Most mesothelioma cases affect the male population because most cases stem from an environmental exposure in the workplace. Traditionally, in past decades, men were far more likely to take jobs in the shipyards and factories where exposure was a daily event.

Despite these odds, approximately 8 percent of asbestos-related cancers are diagnosed annually in women. A large portion of those cases directly result from secondary exposures.

Cancer can develop from riding in the same vehicle as the worker who was exposed to asbestos, or washing the work clothes worn on the job. In both cases, the person inhales deadly asbestos fibers into his or her lungs.

Sometimes, these cases are referred to as “domestic exposures.” The primary victim is usually a father, son, husband or brother that carries the deadly disease unknowingly back home with him after a day of primary exposure. On joint study by Duke University Medical Centers and Durham University found that over half of the diagnoses could be traced to household contact with asbestos workers.

Imagine this scenario:

A man returns home from a shift and is greeted by hugs from family members. Clinging asbestos fibers then can transfer to the clothing and hair of the sons, daughters and wives. Additionally, women typically handled the laundry chores. Picture a wife, shaking out dusty work clothes before dropping them into the washing machine. Suddenly all those dusty asbestos fibers are airborne in the home, often in tight spaces like laundry rooms that lack ventilation.
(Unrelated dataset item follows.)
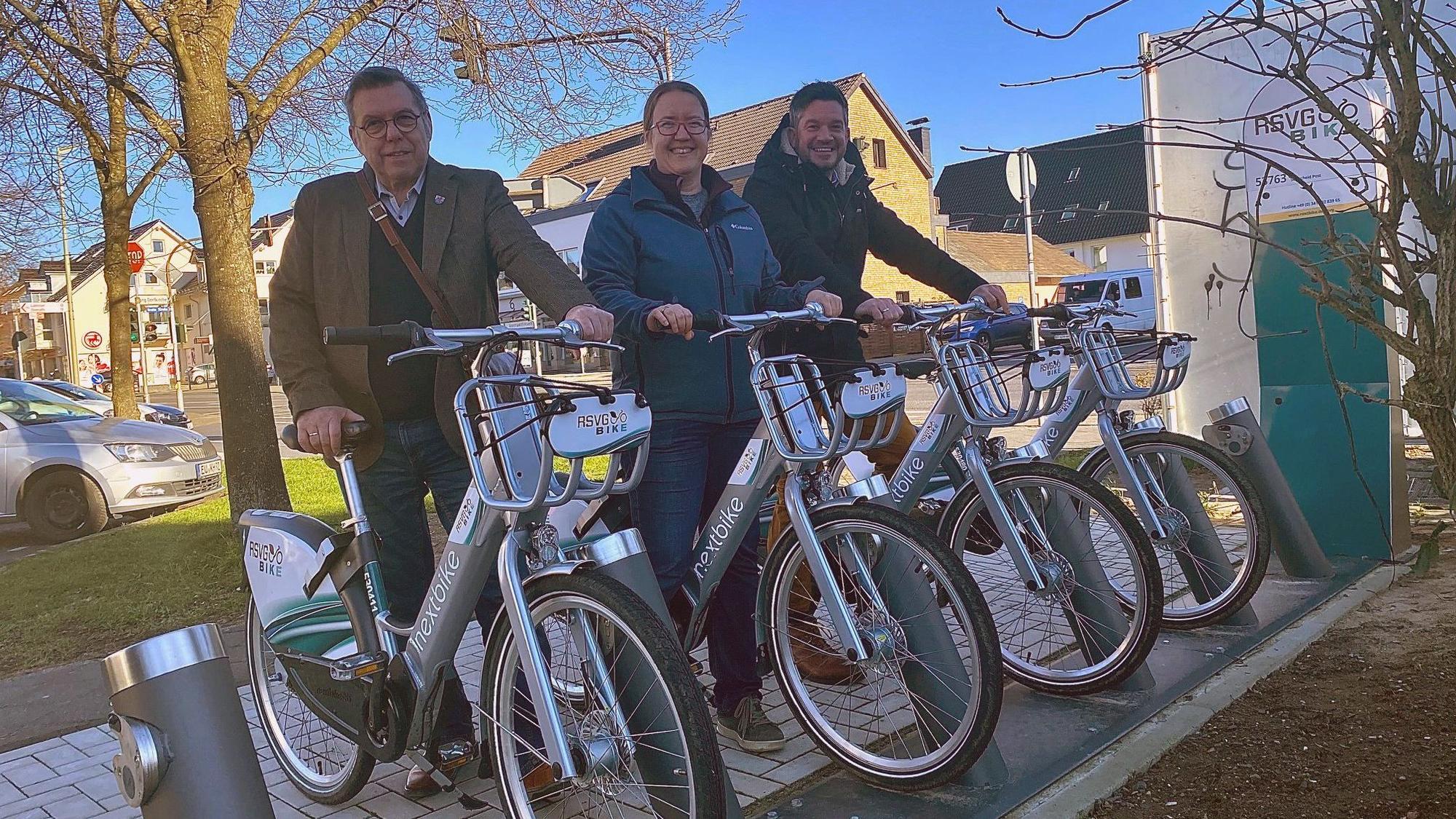 Drei Personen stehen jeweils mit einem E-Bike an der Station.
Day after day, this scenario would be repeated. After many years, symptoms of pulmonary distress begin to emerge in the family members.

These bystander exposures have the potential to be just as deadly as the primary exposures do. Even living in close proximity to a factory where asbestos was used in manufacturing can cause airborne exposures and deaths decades later.

The courts began to recognize the secondary claims had merit and started allowing compensation to be granted for domestic exposures. If you feel that your diagnosis was due to a secondary exposure, you may have a legal right to seek compensation.